A Sea of Red in a World of Ice

Each spring a striking transformation takes place on mountain glaciers and snowfields across the Pacific Northwest. Large swaths of the bright, highly reflective snowpack that accumulated throughout the winter transitions from white to pink and eventually to a patchwork of dark crimson as the summer progresses. The implications of this transition are both global and diverse, affecting glacier melt, the ecology of cold-loving species living in the ice, and water resources worldwide.

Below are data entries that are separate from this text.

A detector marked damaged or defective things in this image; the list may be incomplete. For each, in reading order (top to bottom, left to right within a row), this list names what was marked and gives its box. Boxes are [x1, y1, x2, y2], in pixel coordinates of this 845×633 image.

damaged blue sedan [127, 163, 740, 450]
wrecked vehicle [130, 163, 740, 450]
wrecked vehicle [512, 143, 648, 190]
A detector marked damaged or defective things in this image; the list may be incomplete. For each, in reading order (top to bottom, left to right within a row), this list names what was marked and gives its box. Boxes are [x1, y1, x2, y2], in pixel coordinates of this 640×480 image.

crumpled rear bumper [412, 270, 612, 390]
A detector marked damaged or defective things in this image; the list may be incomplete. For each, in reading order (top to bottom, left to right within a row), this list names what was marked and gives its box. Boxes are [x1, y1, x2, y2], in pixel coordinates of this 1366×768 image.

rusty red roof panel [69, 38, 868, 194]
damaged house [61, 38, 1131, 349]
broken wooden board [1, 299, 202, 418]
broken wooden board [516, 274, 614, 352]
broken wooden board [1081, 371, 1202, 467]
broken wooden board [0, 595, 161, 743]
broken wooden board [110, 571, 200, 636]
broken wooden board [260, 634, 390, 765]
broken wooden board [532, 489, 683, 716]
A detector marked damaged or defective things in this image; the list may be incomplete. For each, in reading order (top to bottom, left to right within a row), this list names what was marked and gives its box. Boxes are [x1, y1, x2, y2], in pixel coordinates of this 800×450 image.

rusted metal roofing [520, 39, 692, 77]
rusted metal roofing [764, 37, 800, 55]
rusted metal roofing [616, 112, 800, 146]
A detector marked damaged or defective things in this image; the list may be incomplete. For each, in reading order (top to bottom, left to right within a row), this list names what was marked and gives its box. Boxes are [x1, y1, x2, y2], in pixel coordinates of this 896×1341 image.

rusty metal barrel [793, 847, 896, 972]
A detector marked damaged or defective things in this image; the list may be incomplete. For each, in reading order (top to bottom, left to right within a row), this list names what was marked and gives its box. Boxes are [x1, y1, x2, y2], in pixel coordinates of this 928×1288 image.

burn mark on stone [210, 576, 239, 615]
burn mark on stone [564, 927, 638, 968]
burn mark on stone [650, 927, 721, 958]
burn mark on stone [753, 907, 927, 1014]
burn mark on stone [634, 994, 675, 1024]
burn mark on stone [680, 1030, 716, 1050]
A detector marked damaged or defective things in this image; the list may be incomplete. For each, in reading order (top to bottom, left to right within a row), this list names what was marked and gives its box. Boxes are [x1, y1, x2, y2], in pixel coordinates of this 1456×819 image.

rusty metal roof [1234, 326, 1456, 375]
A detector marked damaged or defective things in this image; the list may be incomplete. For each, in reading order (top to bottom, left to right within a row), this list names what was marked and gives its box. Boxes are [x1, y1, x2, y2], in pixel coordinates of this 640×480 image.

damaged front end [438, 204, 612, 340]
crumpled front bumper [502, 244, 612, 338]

It starts and ends with a microorganism—a tiny, single-celled green algae in the genus Chlamydomonas—and an equally microscopic migration. The algal cells spend the snowy winter as dormant cysts, likely at the interface between glacial ice and seasonal snow. They are covered by deep snow and, as winter turns to spring and extended darkness gives way to sun and warmer temperatures, the thawing snowpack sends trickles of snowmelt into the depths below. Eventually, these melt-water rivulets reach dormant algal cells and signal them to wake.

The cells respond by swimming to the surface (yes, by actively swimming!), dividing, and growing along the way. At the surface, they turn red and the phenomenon they are known for begins. The clean snow surface—the most reflective natural surface in the world—turns red. What starts as a subtle pink tint to the white snow shifts to a deep, watermelon red as cellular pigmentation accumulates and is concentrated by seasonal melt.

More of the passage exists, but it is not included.